* Activity:
Although the entries contain pictures, the copy should hold only their exact text.

--- Given information Enclosed Below ---

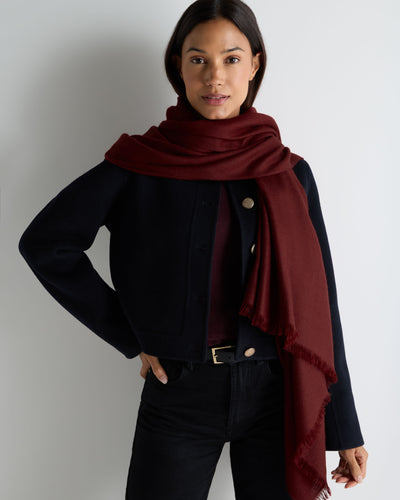 N.Peal Women's Pashmina Cashmere Shawl Rustic Red
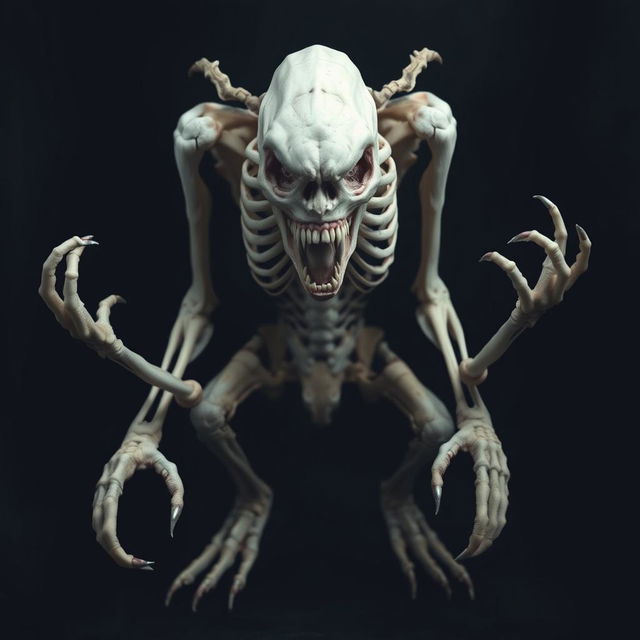 A pale, eerie creature with a strikingly exposed ribcage, showcasing haunting and intricate skeletal structures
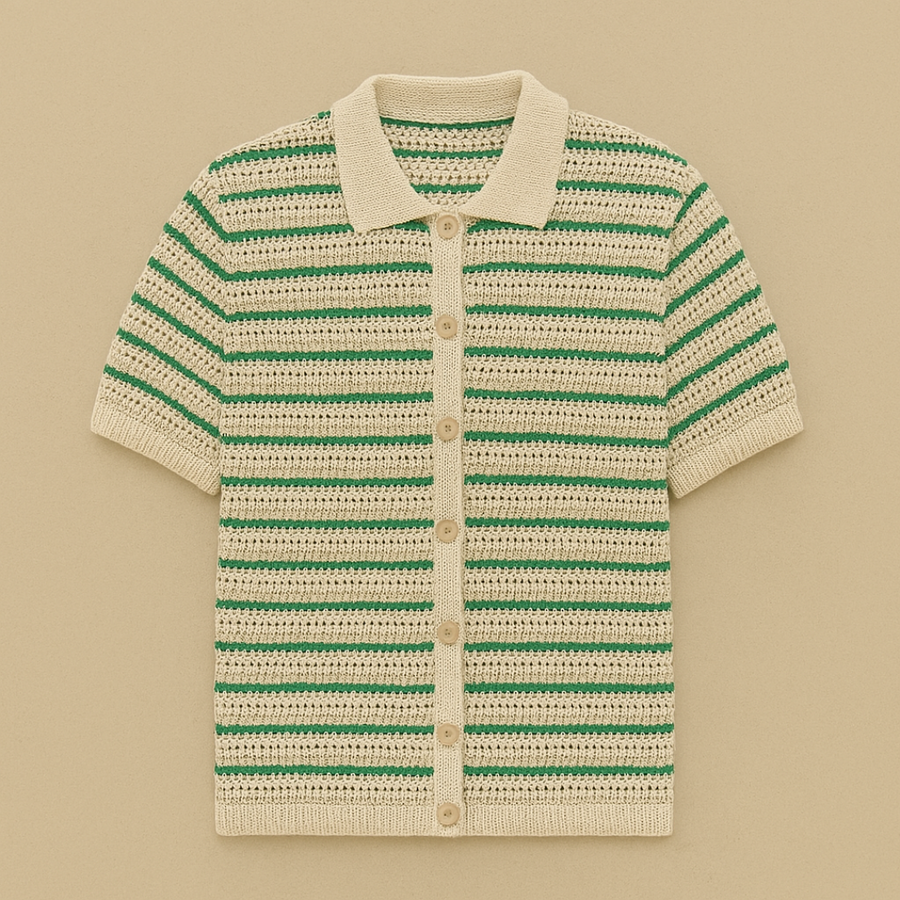 groen gebreid crochet shirt korte mouw heren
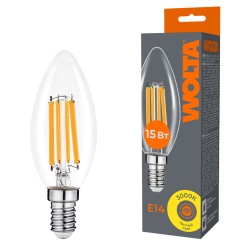 Лампа светодиодная филаментная WOLTA 15Вт 3000K Е14 свеча прозрачная WF-C35-15W3KE14
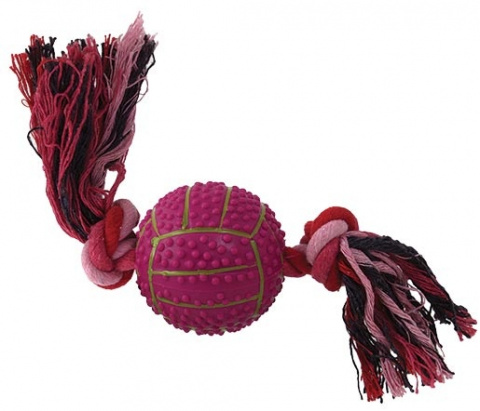 Hračka DOG FANTASY přetahovadlo basketbalový míč červený 22 x 6 cm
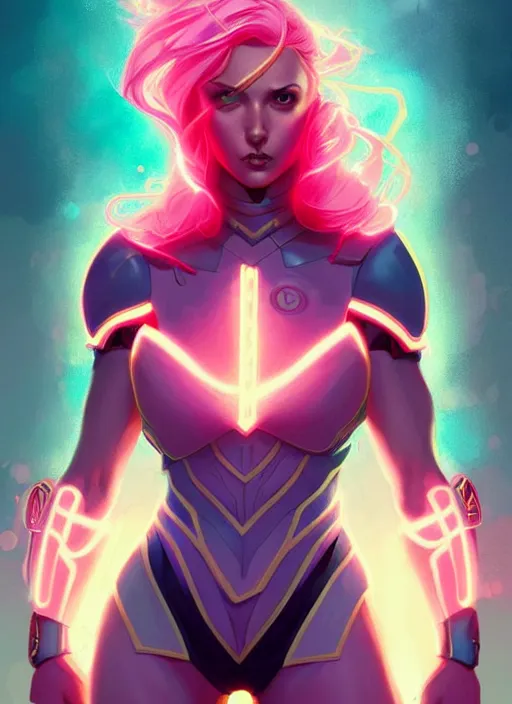 Prompt: style artgerm, joshua middleton, illustration, jessica alba as paladin, strong, muscular, muscles, pink hair, swirling yellow flames cosmos, fantasy, cinematic lighting, collectible card art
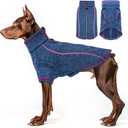 cyeollo Dog Jacket Sweater Reflective Warm Coats Zipper Up Step in Lightweight Fleece Jacket Pet Clothes Dog Jackets for  Dogs (Blue) XXXL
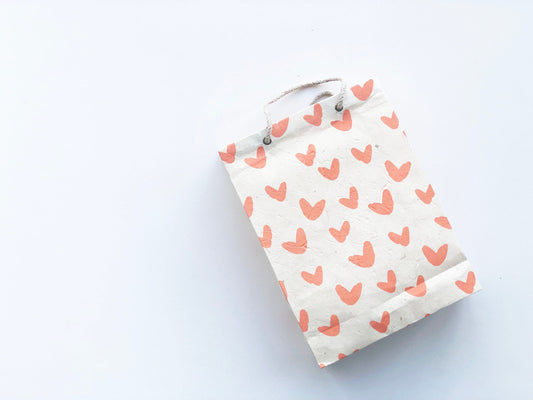 Handmade paper gift bag (2 bags) | Sweet Hearts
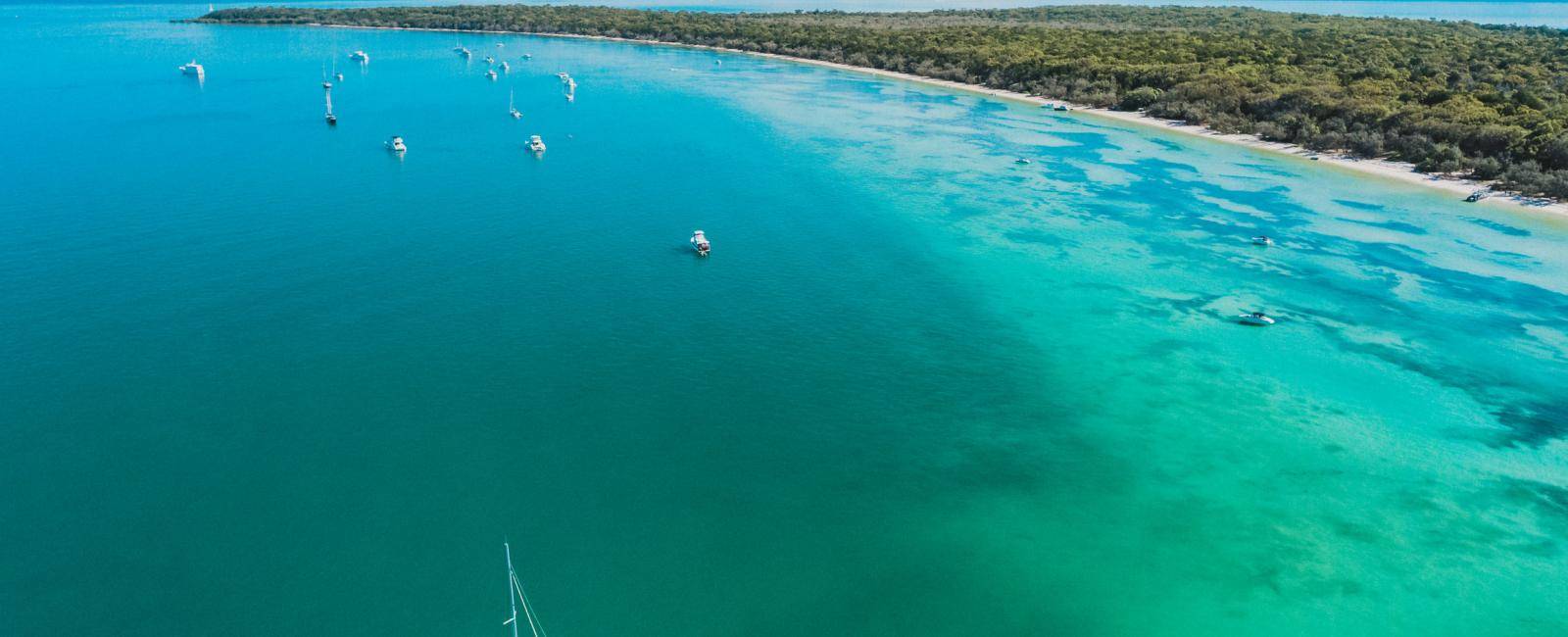 An aerial photo of Moreton Bay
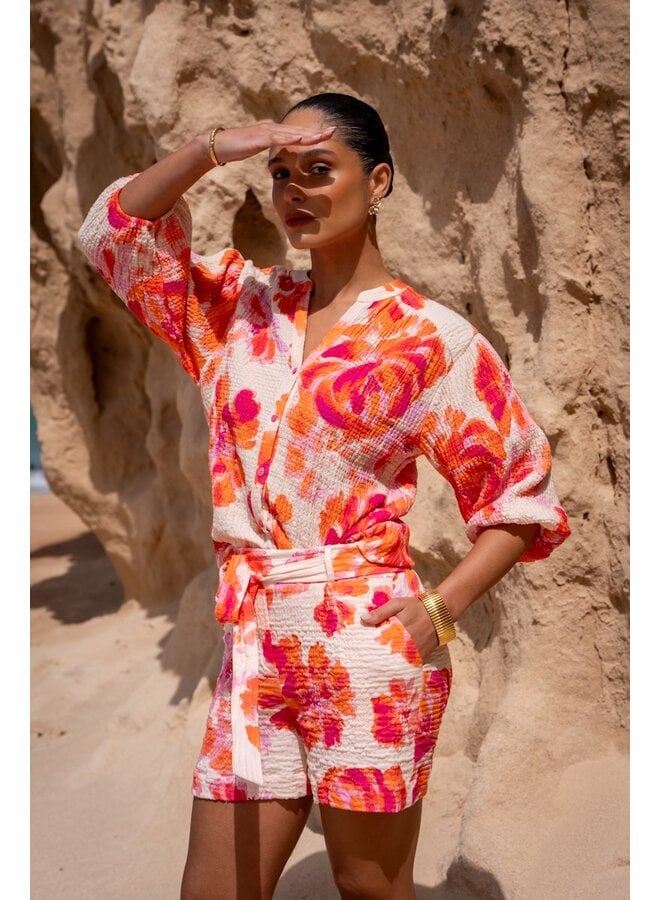 63490-20 250 Geisha blouse orange/pink/sand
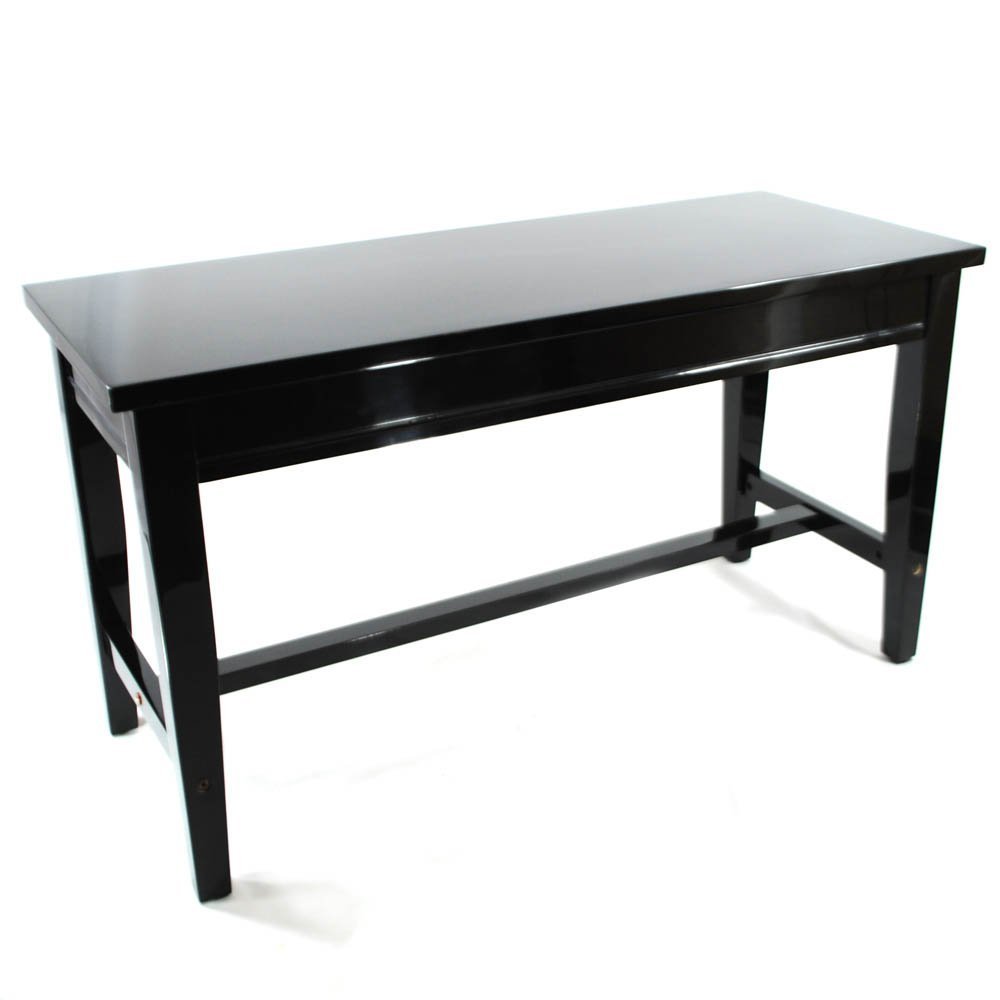 Frederick Extended Upright Piano Bench - Black Polish
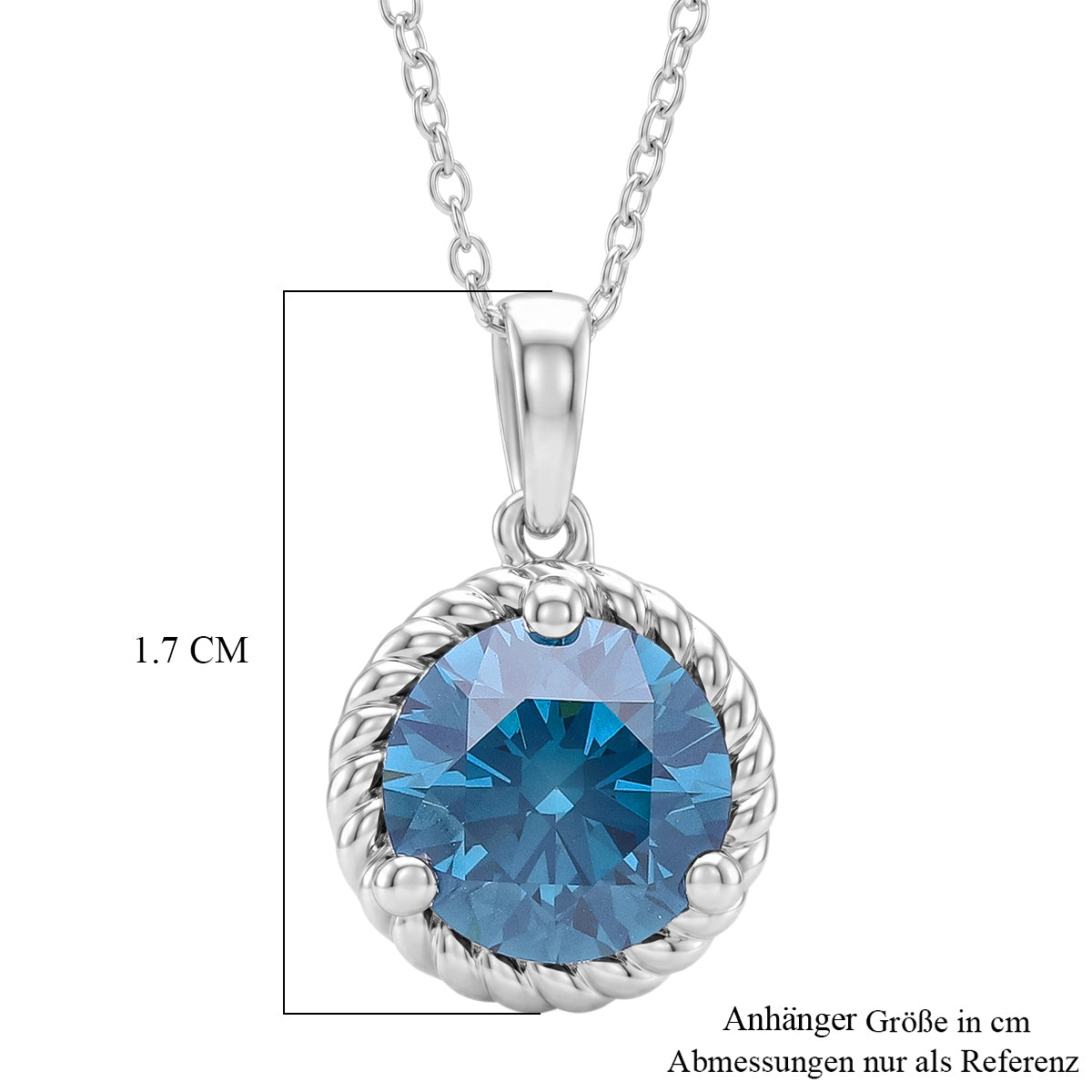 LUXURIANT DIAMOND - Lab Grown Blauer Diamant SI-GH Schmuckset ca. 50 cm 925 Silber Rhodiniert ca. 1,78 ct.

--- End of Enclosed Given information ---

* Problem solution:
 N.Peal Women's Pashmina Cashmere Shawl Rustic Red
 A pale, eerie creature with a strikingly exposed ribcage, showcasing haunting and intricate skeletal structures
 groen gebreid crochet shirt korte mouw heren
 Лампа светодиодная филаментная WOLTA 15Вт 3000K Е14 свеча прозрачная WF-C35-15W3KE14
 Hračka DOG FANTASY přetahovadlo basketbalový míč červený 22 x 6 cm
 Prompt: style artgerm, joshua middleton, illustration, jessica alba as paladin, strong, muscular, muscles, pink hair, swirling yellow flames cosmos, fantasy, cinematic lighting, collectible card art
 cyeollo Dog Jacket Sweater Reflective Warm Coats Zipper Up Step in Lightweight Fleece Jacket Pet Clothes Dog Jackets for  Dogs (Blue) XXXL
 Handmade paper gift bag (2 bags) | Sweet Hearts
 An aerial photo of Moreton Bay
 63490-20 250 Geisha blouse orange/pink/sand
 Frederick Extended Upright Piano Bench - Black Polish
 LUXURIANT DIAMOND - Lab Grown Blauer Diamant SI-GH Schmuckset ca. 50 cm 925 Silber Rhodiniert ca. 1,78 ct.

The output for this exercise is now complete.